Pia Caronongan

Pia Caronongan

Principal Researcher
Name Pronunciation: PEA-yuh KAH-raw-GNAW-ngun
Pronouns: she/her
  • Early care and education access and quality
  • Early childhood workforce development
  • Cost and financing of early care and education programs
Focus Areas
  • Human Services
  • Early Childhood
  • Professional Development
  • Quality Measurement
  • Effective Data Use
  • Strengthening and Disseminating Research
About Pia

Pia Caronongan’s work focuses on federal and state efforts to support and improve early care and education (ECE) access and quality. She collaborates with clients and stakeholders to design and conduct rigorous evaluations of early childhood initiatives and in-depth examinations of the systems that support ECE programs, including community-based centers, state pre-K, and Head Start.

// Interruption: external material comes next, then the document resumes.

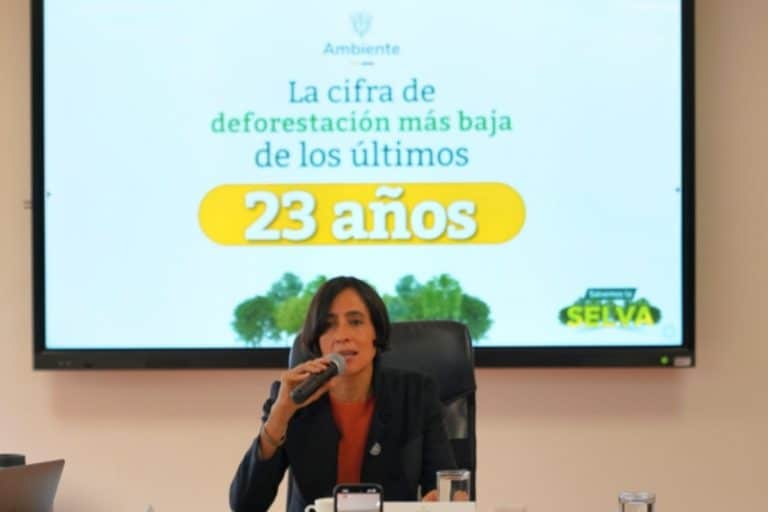 Colombia deforestazione.jpg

She is project director of the Infant and Toddler Teacher and Caregiver Competencies Project for the Office of Planning, Research, and Evaluation. This project focuses on how states, institutes of higher education, and professional organizations use competency frameworks to promote development of the ECE workforce and improve the quality of care of infants and toddlers. She is also the deputy project director of the Assessing the Implementation and Cost of High Quality Early Care and Education project, working to develop measures of ECE implementation and cost to better understand how child care centers can use resources to deliver and improve ECE services. In addition, Caronongan directs Mathematica’s subcontract for the Child Care Research and Evaluation Capacity Building Center, with the Urban Institute. This Center is developing resources and activities to support state, territory, and tribal child care agencies in conducting, understanding, consuming, and using research and evaluation for decision making.

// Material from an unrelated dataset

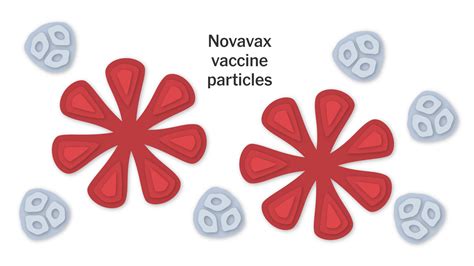 How The Novavax Covid 19 Vaccine Works The New York Times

Caronongan is a member of the Society for Research in Child Development and the Association for Public Policy Analysis & Management. She received her Ed.D. in Quantitative Policy Analysis in Education from Harvard University.

Key Projects
  • How Effective Is Home Visiting?

    The Home Visiting Evidence of Effectiveness project is a thorough and transparent review of the home visiting research literature and an assessment of the evidence of effectiveness for home visiting models that serve families with pregnant women and children from birth to age 5.

  • Evaluating Child Care Quality Rating Systems (QRS)

    Mathematica's assessment involved gathering, analyzing, and organizing information to inform each piece of the QRS logic model. We also helped states better understand the full picture, the interactions that can occur, intended and unintended consequences of policy and implementation.

  • Universal Preschool Child Outcomes Study (UPCOS)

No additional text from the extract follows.